Collection entries:
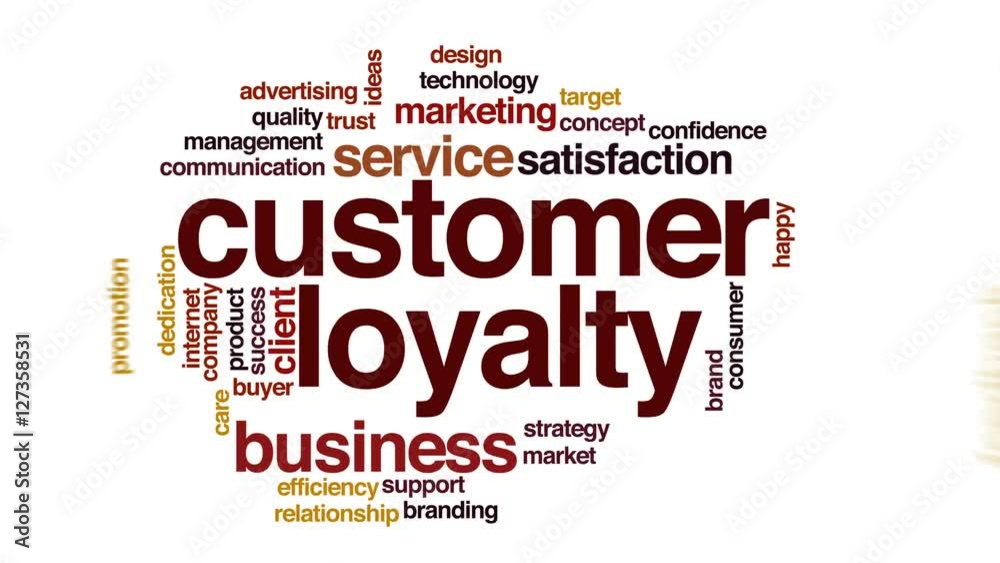 Customer loyalty animated word cloud. Customer loyalty animated word cloud.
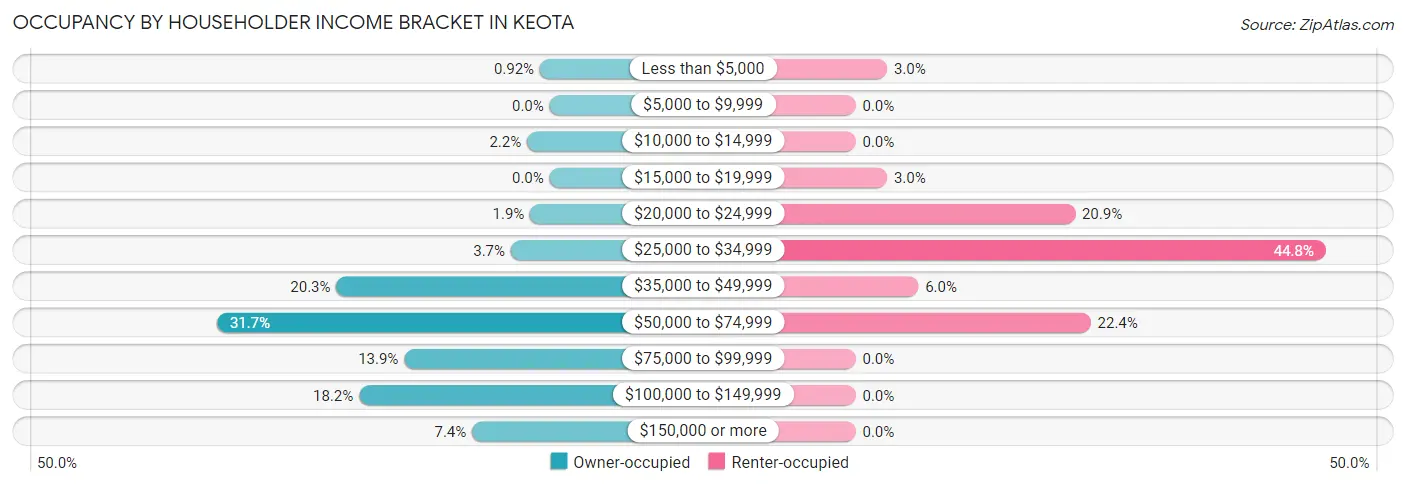 Occupancy by Householder Income Bracket in Keota
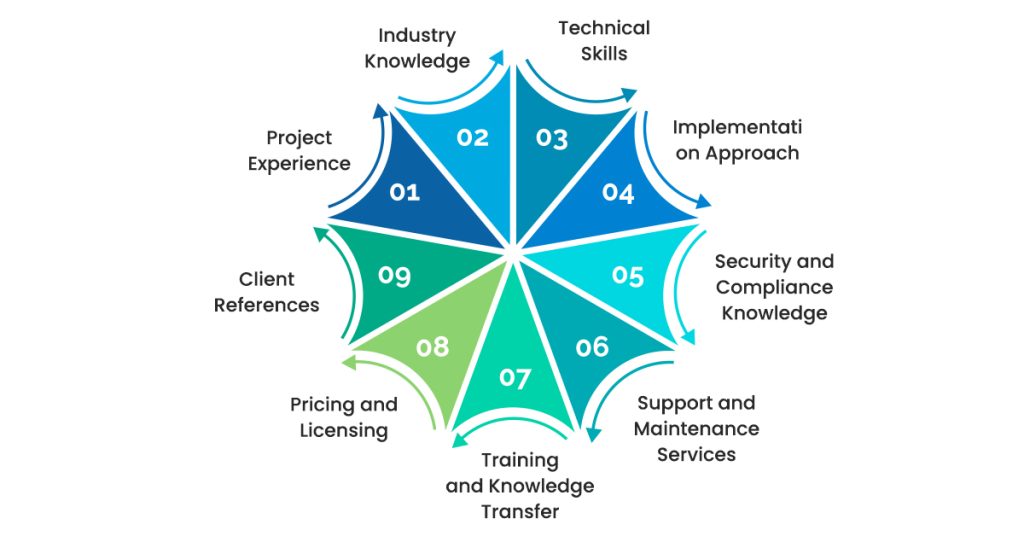 Selection Criteria for a Power BI Development Services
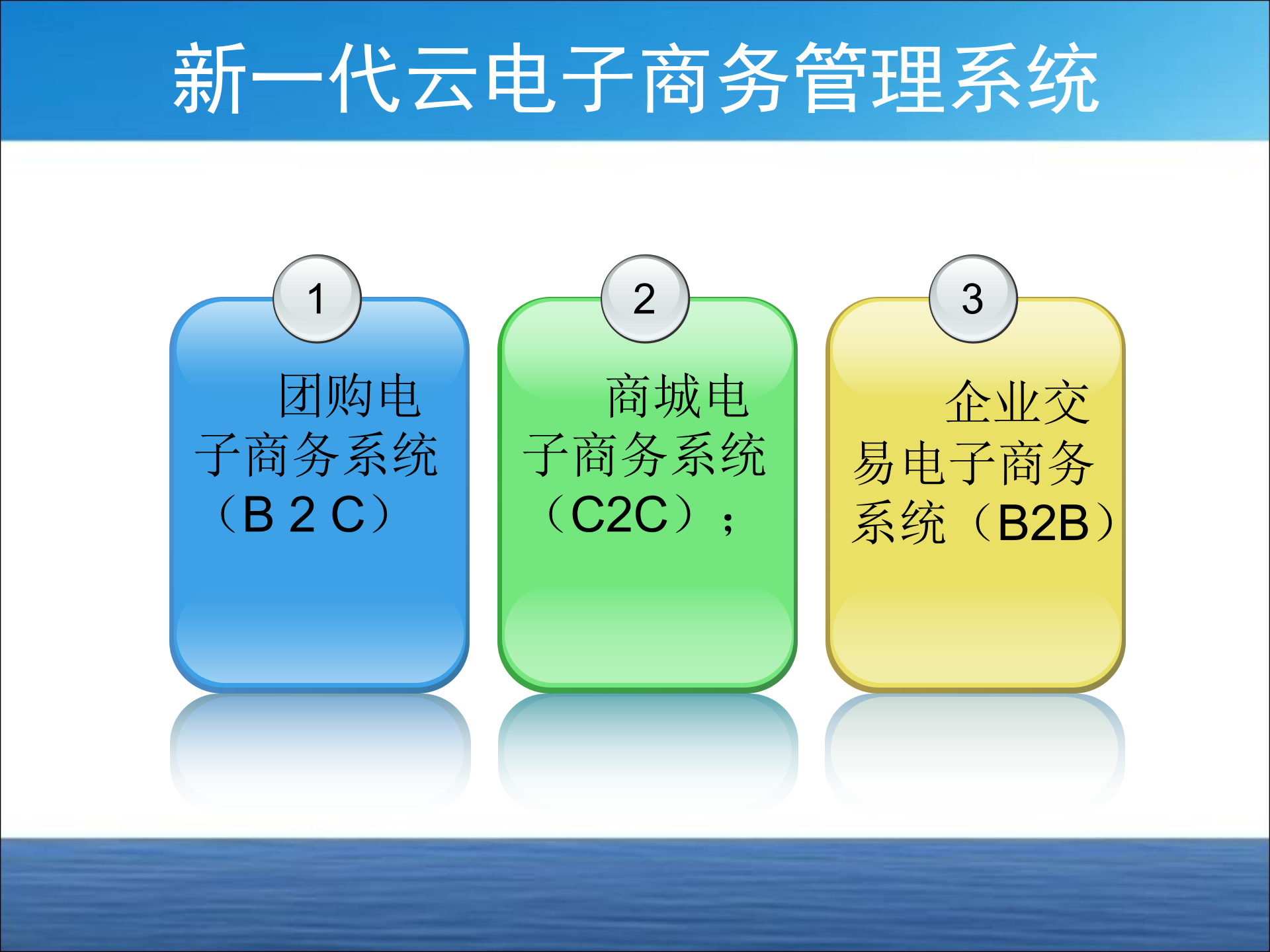云电子商务与我们的未来_ITIL之家(www.itilzj.com)_.PPT 第8页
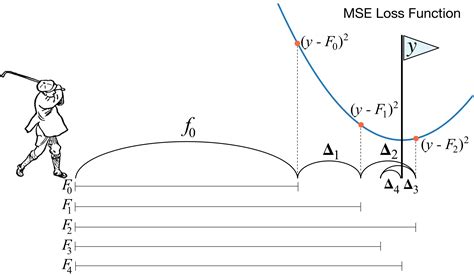 Xgboost Algorithm PDF 的图像结果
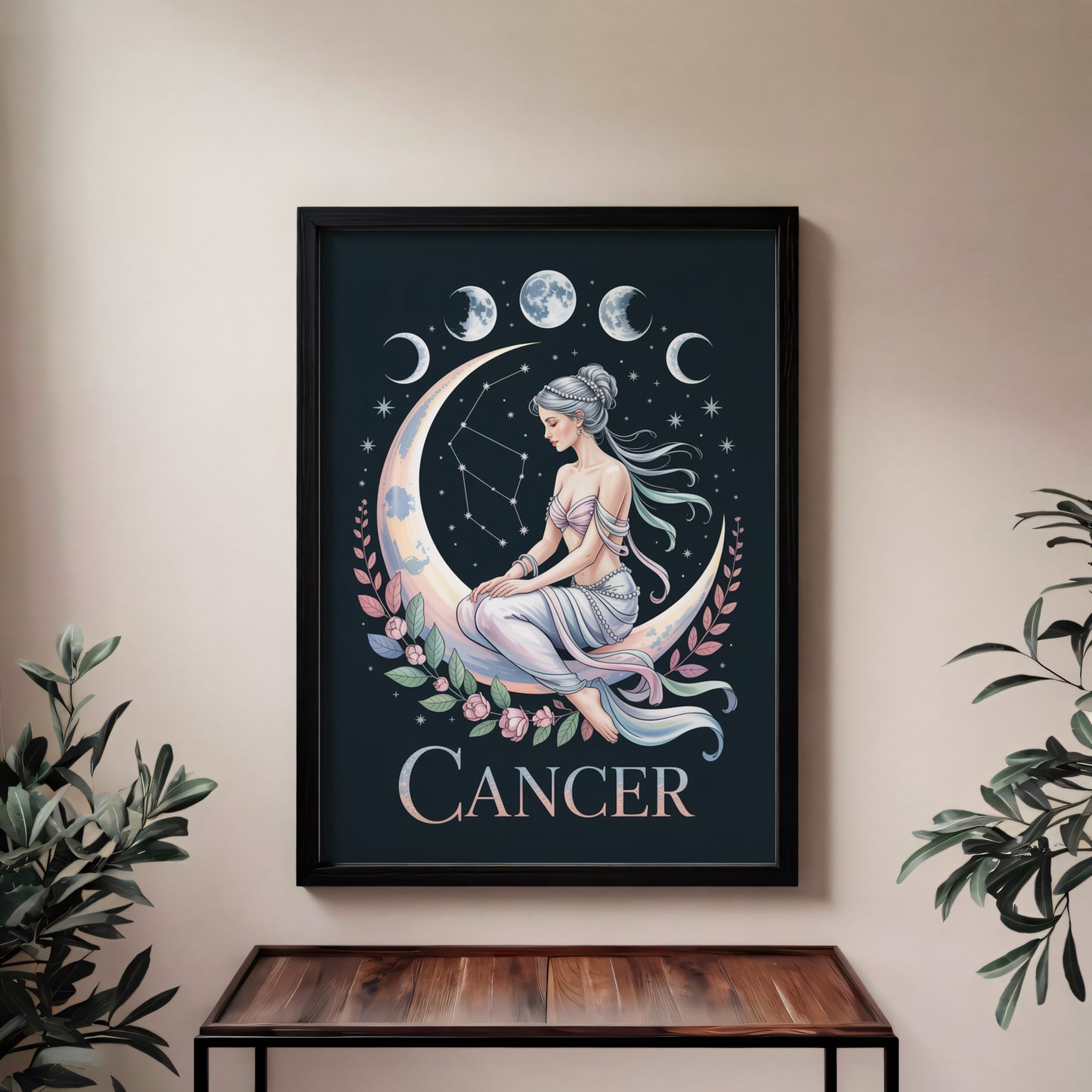 Cancer Sure Wall Art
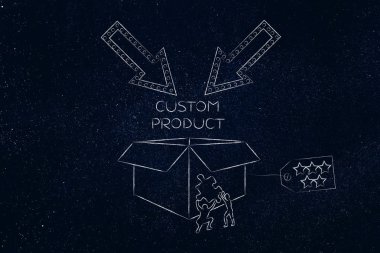 Ürün özelleştirme kavramı: yeni bir öğe Tamamlanıyor erkekler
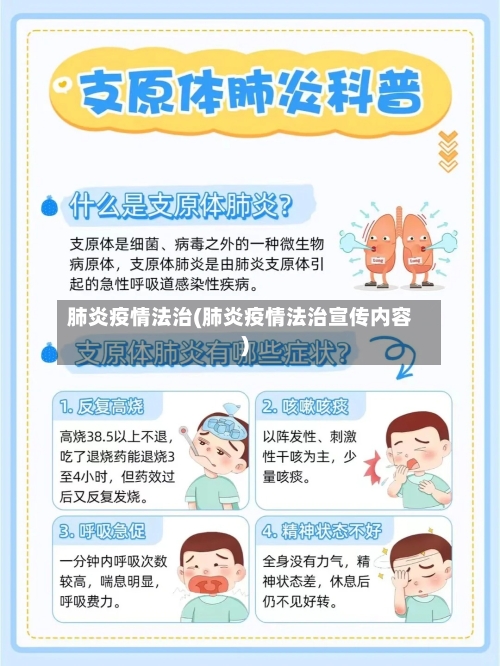 肺炎疫情法治(肺炎疫情法治宣传内容)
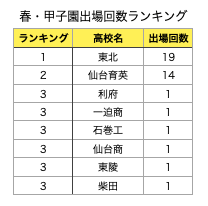 【宮城県】選抜高校野球大会出場回数ランキング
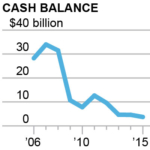 2016-10-25-ieefa-exxon-cash-200x200-v1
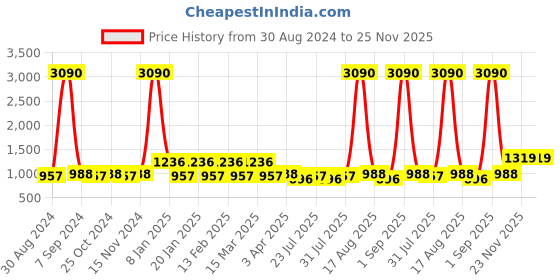 myntra.com Tulsattva Men Grey Kurta with Churidar tulsattva Price History Graph from 30 Aug 2024 to 24 Nov 2025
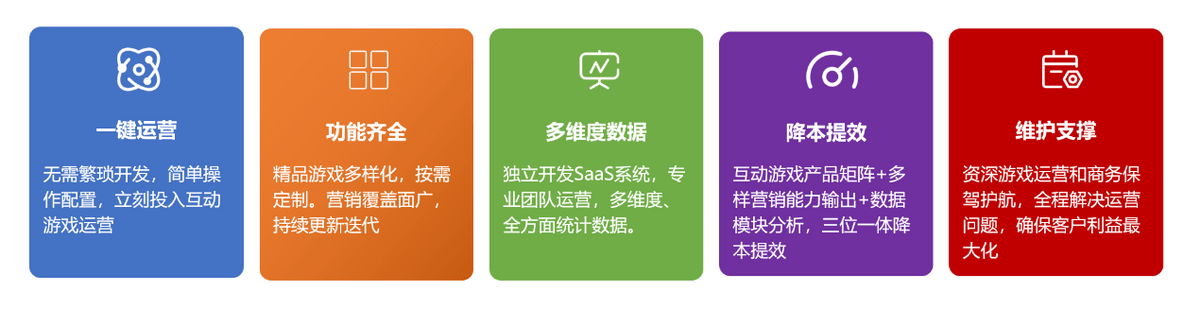 创新游戏化运营,增强消费者粘性,为商家用户运营抢得先机.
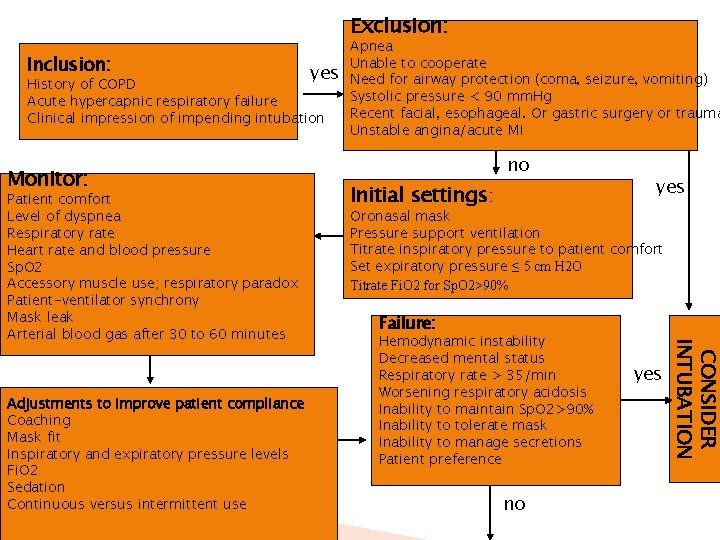 Exclusion: Inclusion: yes History of COPD Acute hypercapnic respiratory failure Clinical impression of impending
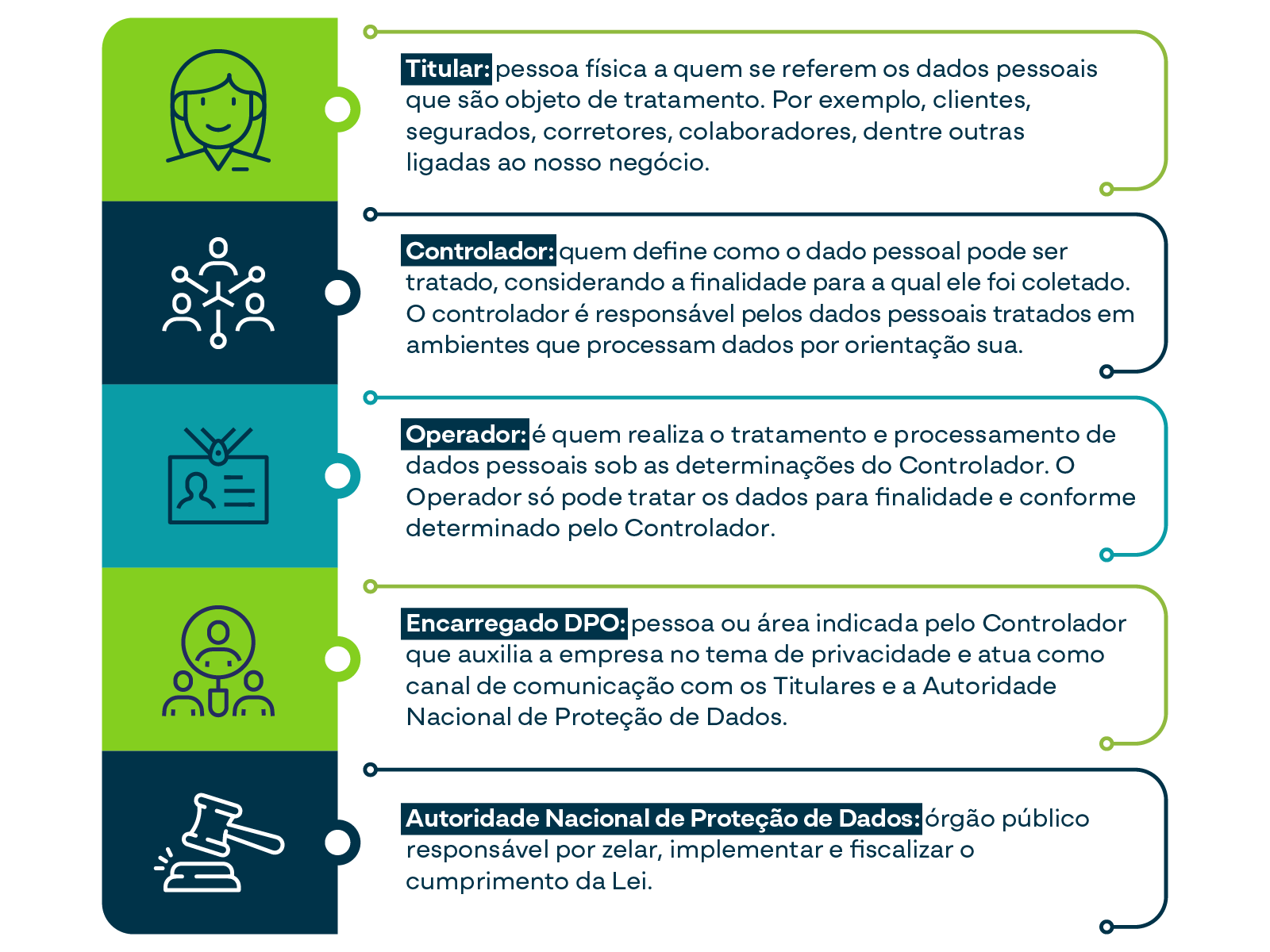 As Consequências Legais do Uso Indevido de Dados Pessoais no Brasil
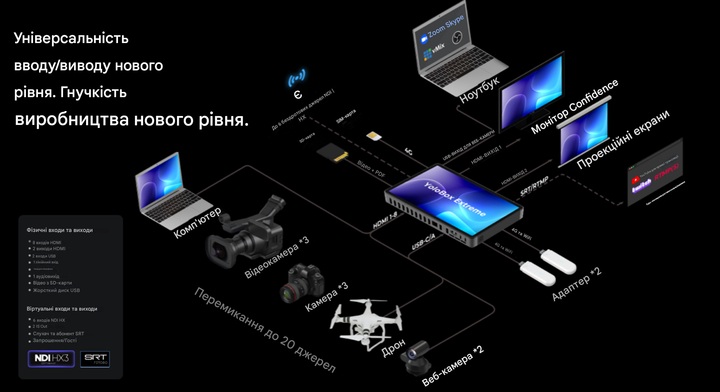 Відеомікшер YoloLiv YoloBox Extreme для прямої трансляції Black (R4346130820250) - изображение 6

== ASSIGNMENT ==
Could you return all the entries exactly as they appear, minus the pictures?

== TASK ANSWER ==
 Customer loyalty animated word cloud. Customer loyalty animated word cloud.
 Occupancy by Householder Income Bracket in Keota
 Selection Criteria for a Power BI Development Services
云电子商务与我们的未来_ITIL之家(www.itilzj.com)_.PPT 第8页
 Xgboost Algorithm PDF 的图像结果
 Cancer Sure Wall Art
 Ürün özelleştirme kavramı: yeni bir öğe Tamamlanıyor erkekler
 肺炎疫情法治(肺炎疫情法治宣传内容)
 【宮城県】選抜高校野球大会出場回数ランキング
 2016-10-25-ieefa-exxon-cash-200x200-v1
 myntra.com Tulsattva Men Grey Kurta with Churidar tulsattva Price History Graph from 30 Aug 2024 to 24 Nov 2025
 创新游戏化运营,增强消费者粘性,为商家用户运营抢得先机.
 Exclusion: Inclusion: yes History of COPD Acute hypercapnic respiratory failure Clinical impression of impending
 As Consequências Legais do Uso Indevido de Dados Pessoais no Brasil
 Відеомікшер YoloLiv YoloBox Extreme для прямої трансляції Black (R4346130820250) - изображение 6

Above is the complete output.